What is being asked: Leaving the pictures aside, repeat the entries exactly.

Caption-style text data

************

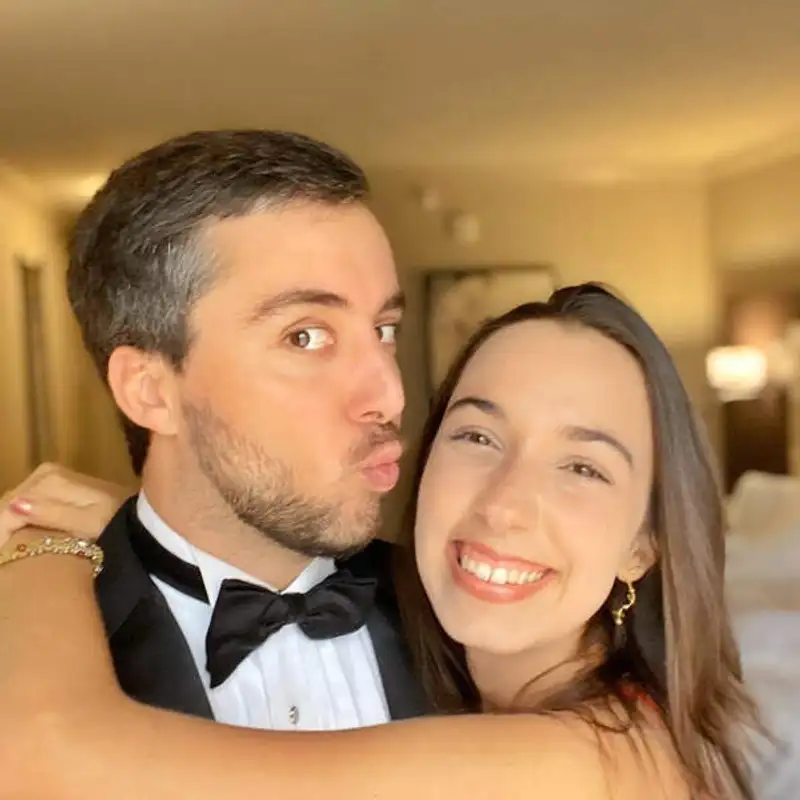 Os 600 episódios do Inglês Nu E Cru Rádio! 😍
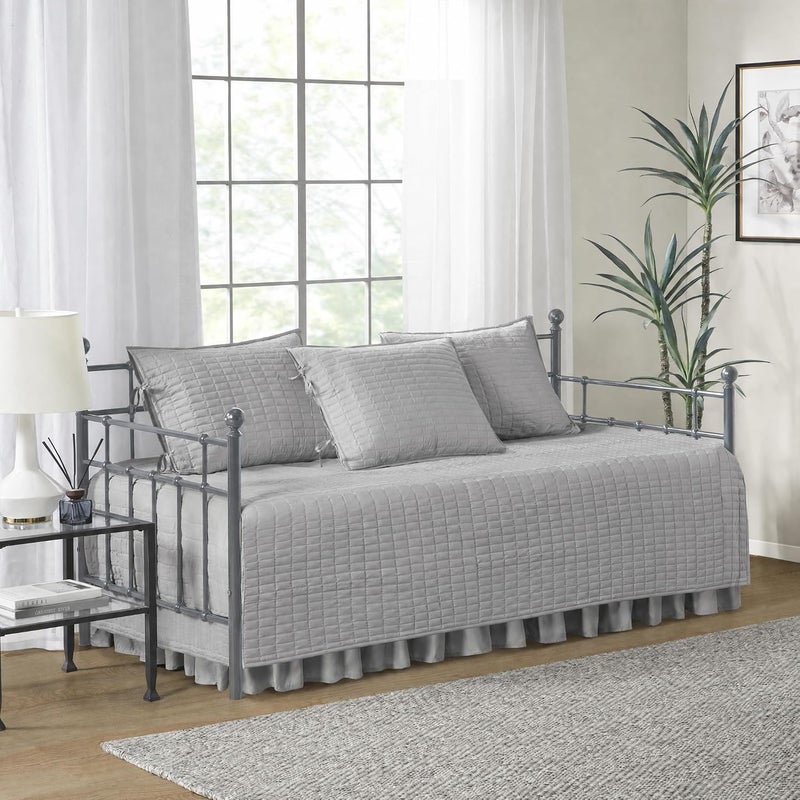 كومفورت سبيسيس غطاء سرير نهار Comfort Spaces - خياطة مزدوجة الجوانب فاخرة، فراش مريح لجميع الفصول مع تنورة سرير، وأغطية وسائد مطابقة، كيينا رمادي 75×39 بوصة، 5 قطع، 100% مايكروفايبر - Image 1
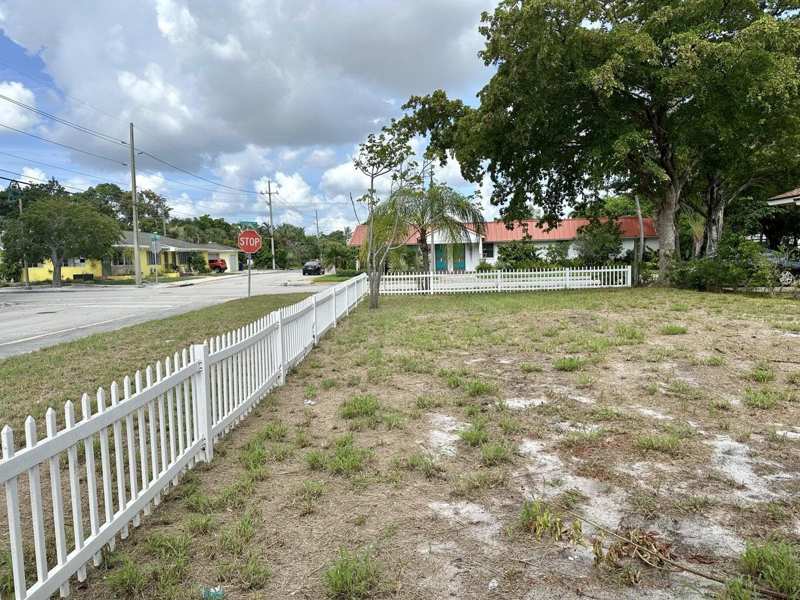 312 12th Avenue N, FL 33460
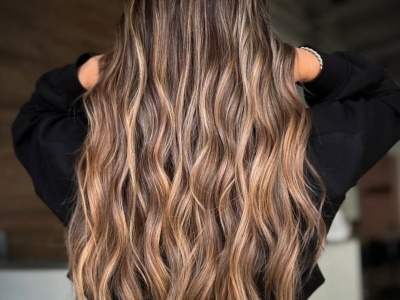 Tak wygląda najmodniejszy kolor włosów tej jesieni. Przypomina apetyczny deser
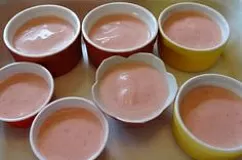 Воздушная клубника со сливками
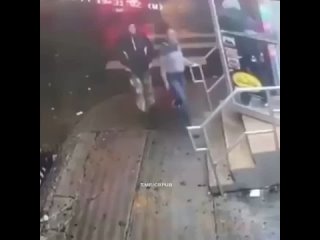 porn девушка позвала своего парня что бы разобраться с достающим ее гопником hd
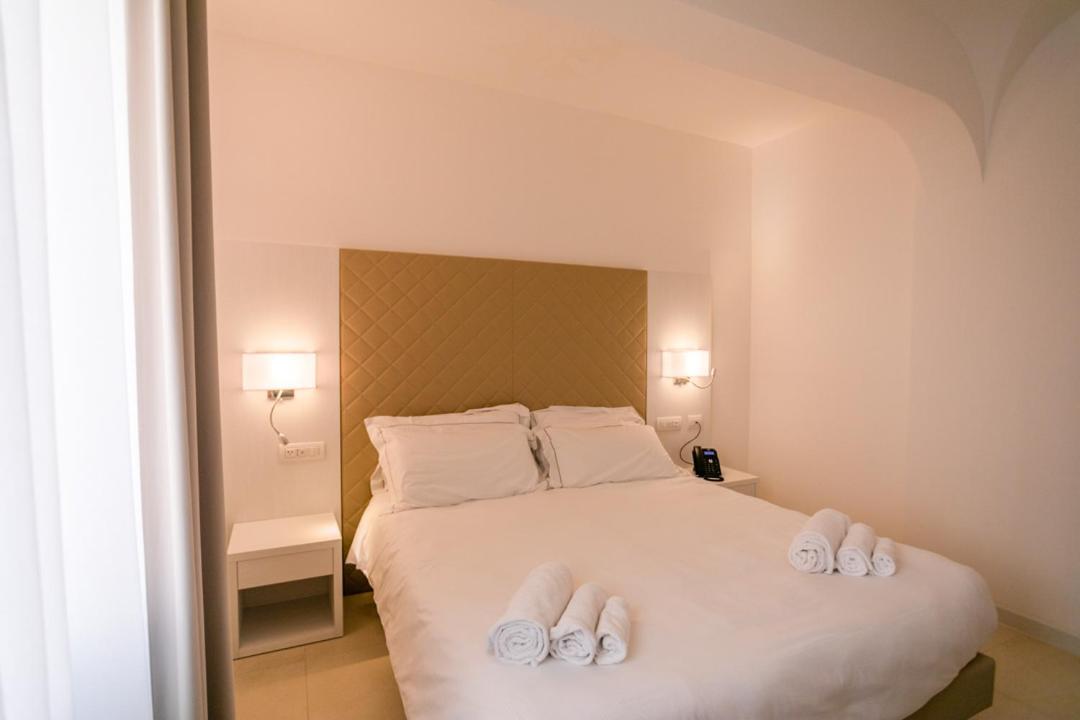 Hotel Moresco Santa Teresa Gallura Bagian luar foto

************

Answer to the problem:
 Os 600 episódios do Inglês Nu E Cru Rádio! 😍
 كومفورت سبيسيس غطاء سرير نهار Comfort Spaces - خياطة مزدوجة الجوانب فاخرة، فراش مريح لجميع الفصول مع تنورة سرير، وأغطية وسائد مطابقة، كيينا رمادي 75×39 بوصة، 5 قطع، 100% مايكروفايبر - Image 1
 312 12th Avenue N, FL 33460
 Tak wygląda najmodniejszy kolor włosów tej jesieni. Przypomina apetyczny deser
 Воздушная клубника со сливками
 porn девушка позвала своего парня что бы разобраться с достающим ее гопником hd
 Hotel Moresco Santa Teresa Gallura Bagian luar foto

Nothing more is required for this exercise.